Afghanistan was a war we were obligated to fight, that literally the entire world was willing to join us in fighting, and that means we are obligated to fix the country we broke. IOW America should have been doing nation building in Afghanistan.

Talk of attacks and beating the shit out of them solves nothing - especially when our objective should have been, "we broke it; now we fix it." In Afghanistan, I am at a complete loss for soutions. We have so screwed up a solvable problem that literally most of the country is in Taliban hands. Outside of cities, it appears most of the people are either indifferent to or support the Taliban. We did nothing for so long as to make ourselves undesirable. That makes it almost impossible to fix Afghanistan. We only had that first year to earn respect. We did nothing in 2002 and 2003. That is when Afghanistan was being lost.

I don't see anything practical that can fix this - another war where America will end up defeated. And unlike Iraq, this was the war we must and we could have won. Beating the shit out of anyone will not solve anything. Violence as a solution is the Curtis LeMay and MaggieL solution. But I admit with woeful despondance - we have lost a war that we were obligated to win.

Short of another massive hundreds of thousand man deployment, we cannot win this war a second time. We don’t have the local support we had then. We now have an enemy that is too smart this time to fight in the open. And to win the war, it must be completely accomplished in but months. Any longer will only mean the local population turns even more strongly against Americans.
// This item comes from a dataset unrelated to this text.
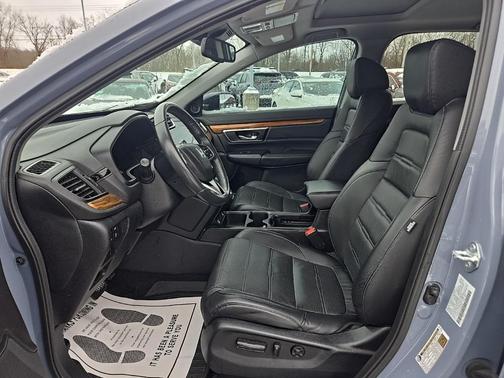 2022 Honda CR-V AWD EX-L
My despondance is because are military is too threadbare to support a 250,000 or 500,000 deployment. And yet a massive deployment of that size to execute and complete a mission quickly is the only way that the Taliban can be stopped. A large part of that deployment would be to do the mission in months that we should have been doing in 2002 and 2003 (ie restore the water system in Kabul). George Jr will do only as he has done in Iraq – too few troops, no strategic objective, no exit strategy, a love of 'shock and awe' (that accomplishes nothing), a fear of nation building, and no grasp of this Afghanistan situation. Despondance because without a major policy change at the presidential level, then we have already been defeated in Afghanistan. No Curtis LeMay solution will change that. We lost because we did not plan for the peace.